Schärfe ist nicht nur Sohyi Kims Signatur, sondern auch Schwerpunkt bei "Indochine"-Küchenchef Wini Brugger. Er hat vor einem Jahr ein Menü mit Sorten zusammengestellt, das hierzulande in keinem anderen Restaurant bestellt werden kann. "Auf den Märkten in Wien findet man nur die gängigen Chilisorten.
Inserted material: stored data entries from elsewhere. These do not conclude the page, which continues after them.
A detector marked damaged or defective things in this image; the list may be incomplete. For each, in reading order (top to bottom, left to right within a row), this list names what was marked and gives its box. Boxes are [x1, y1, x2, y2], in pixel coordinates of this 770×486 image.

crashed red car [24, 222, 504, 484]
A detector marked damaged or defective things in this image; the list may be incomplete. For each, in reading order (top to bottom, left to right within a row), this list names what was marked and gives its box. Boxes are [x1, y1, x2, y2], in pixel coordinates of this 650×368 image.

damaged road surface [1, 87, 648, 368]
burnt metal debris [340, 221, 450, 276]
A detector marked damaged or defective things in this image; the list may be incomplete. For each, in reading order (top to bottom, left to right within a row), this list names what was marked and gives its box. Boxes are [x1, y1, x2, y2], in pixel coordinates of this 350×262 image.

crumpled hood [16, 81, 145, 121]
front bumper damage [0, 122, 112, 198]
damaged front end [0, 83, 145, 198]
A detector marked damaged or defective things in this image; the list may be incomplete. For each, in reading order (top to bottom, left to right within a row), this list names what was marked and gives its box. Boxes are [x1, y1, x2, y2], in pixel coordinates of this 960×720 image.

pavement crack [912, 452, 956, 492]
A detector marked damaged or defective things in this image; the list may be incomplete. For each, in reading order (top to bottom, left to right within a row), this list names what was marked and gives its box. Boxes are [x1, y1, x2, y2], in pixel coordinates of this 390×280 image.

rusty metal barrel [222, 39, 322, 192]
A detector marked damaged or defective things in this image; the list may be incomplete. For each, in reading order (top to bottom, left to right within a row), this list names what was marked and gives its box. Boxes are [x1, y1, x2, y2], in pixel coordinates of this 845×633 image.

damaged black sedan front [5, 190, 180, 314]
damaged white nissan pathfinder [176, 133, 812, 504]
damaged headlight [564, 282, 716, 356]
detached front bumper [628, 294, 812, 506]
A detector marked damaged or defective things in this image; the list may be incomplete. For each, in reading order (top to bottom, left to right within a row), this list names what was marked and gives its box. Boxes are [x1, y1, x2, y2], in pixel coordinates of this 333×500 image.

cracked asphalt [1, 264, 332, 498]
Ich wollte nicht von der Stange kaufen, sondern sowohl dem Einsteiger als auch dem Aficionado etwas bieten." In Kooperation mit Arche Noah und Slow Food ließ Brugger sich von österreichischen Bauern wie Peter Lassnig und Erich Stekovics beliefern und war von der Aromenvielfalt überzeugt. "Lemondrop ist ein irrsinnig feiner, zitronenlastiger Chili, der sich gut mit Fisch und Meeresfrüchten kombinieren lässt, Pretty in Pink schmeckt blumig und passt zu einem Curry und Brazilian Starfish sieht aus wie ein kleiner Seestern, ist würzig und harmoniert mit Fleisch." Sobald im Herbst die ganze Palette Chilis in Österreich geerntet ist, will Brugger sein Menü "Chili for all Senses" wieder auf die Karte setzen und nimmt sich vor, eine Serie an getrockneten, eingelegten und pürierten Sorten wie Fish Pepper, Black Elephant und Joe’s Round zu produzieren. Das dürfte Erich Stekovics gefallen. Der ehemalige Theologielehrer versucht sich als Prophet und ist überzeugt: "Die Chiliwelle ist nicht mehr aufzuhalten."